Also, there are two nightly features for handling such cases.

  • https://doc.rust-lang.org/std/io/struct.Initializer.html
  • https://rust-lang.github.io/rfcs/2930-read-buf.html

Thank you for checking out this issue :+1:

JOE1994 avatar Jan 08 '21 00:01 JOE1994

#19 was opened a few months ago with a proposed a fix for the related parts of code, but it hasn't seen much activity since.

memoryruins avatar Jan 10 '21 23:01 memoryruins

Thank you for the detailed write-up. I understand that a pathological ReadBytes implementation could inspect the buffer, and that LLVM might do bad things when it does.
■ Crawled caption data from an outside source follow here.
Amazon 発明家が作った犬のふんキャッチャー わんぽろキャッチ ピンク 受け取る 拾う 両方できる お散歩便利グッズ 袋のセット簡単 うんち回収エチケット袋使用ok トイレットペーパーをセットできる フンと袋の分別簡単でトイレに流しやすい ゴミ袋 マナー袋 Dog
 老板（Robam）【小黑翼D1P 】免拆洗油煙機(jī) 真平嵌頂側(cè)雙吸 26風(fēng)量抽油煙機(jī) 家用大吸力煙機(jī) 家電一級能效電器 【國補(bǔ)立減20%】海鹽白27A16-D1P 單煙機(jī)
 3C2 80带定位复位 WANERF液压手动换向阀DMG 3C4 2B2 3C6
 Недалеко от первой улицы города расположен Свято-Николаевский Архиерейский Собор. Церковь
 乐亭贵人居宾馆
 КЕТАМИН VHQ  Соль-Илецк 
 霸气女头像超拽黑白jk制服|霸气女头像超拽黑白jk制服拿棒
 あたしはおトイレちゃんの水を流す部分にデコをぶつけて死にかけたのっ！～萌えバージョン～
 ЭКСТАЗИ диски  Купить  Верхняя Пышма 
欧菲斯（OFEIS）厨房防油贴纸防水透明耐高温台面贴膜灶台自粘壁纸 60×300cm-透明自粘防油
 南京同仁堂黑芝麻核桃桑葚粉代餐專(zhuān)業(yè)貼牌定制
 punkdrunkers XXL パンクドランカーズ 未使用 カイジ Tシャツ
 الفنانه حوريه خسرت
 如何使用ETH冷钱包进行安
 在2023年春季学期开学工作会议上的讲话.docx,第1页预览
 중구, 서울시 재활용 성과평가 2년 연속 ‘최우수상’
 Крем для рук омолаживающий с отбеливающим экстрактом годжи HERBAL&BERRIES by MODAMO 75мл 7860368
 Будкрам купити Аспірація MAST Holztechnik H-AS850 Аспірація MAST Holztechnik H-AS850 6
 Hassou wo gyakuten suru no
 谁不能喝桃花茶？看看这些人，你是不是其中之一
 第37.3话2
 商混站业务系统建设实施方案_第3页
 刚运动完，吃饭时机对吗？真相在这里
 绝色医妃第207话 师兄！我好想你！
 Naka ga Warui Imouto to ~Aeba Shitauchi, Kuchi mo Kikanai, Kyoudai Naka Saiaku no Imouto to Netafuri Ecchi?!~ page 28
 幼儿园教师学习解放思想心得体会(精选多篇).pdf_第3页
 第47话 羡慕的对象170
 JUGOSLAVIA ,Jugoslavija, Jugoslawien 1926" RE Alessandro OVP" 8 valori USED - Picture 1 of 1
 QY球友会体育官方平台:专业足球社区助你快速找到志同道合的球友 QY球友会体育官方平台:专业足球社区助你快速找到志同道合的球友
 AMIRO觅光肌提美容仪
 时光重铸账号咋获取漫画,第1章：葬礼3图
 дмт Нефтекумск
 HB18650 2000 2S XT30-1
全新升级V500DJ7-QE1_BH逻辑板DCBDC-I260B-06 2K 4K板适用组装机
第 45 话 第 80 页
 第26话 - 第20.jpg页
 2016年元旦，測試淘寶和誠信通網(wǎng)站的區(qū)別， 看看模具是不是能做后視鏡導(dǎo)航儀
However, both of the provided ReadBytes implementations only call copy_from_slice on the buffer. They do not pass the buffer directly to io::Read::read. As far as I can tell, the usage by those two provided implementations is sound, but the problem is that a user-provided implementation of ReadBytes might observe the uninitialized memory. (But please explain if I am misunderstanding something.)

My first attempt to prevent this was to replace the with_capacity/set_length pairs with vec![0; length]. I’ve prepared a patch in 199958f64b0f6ca72a845d30e772b03d284b31c4 that does this. To evaluate the performance impact of that I ran Musium in scanning mode. This code relies heavily on the metadata reading in Claxon, so it’s a good benchmark for this change. On my i7-6700HQ, the number of instructions executed goes up significantly by 4.8%, but there is no evidence that total running time is affected. This makes sense to me on a high-end superscalar CPU, but I fear that on other targets with simpler CPUs such as Raspberry Pi's (which I care about), the extra instructions do translate to extra running time. I haven’t measured that yet, but I would prefer a zero-overhead solution.

I think a zero-overhead solution is possible. All call sites that you pointed out have a length known ahead of time. They pass the uninitialized vector to read_into, but we could turn this around: make read_into allocate the vector. It would just be moving some lines around, so it shouldn’t affect the generated code too much, but it would prevent uninitialized buffers from being passed to user-provided ReadBytes implementations. I went ahead and implemented this in 18ae310925152500950ea6f245d87a2ad7fa51c8, but I haven’t benchmarked it yet, I hope to get around to that soon.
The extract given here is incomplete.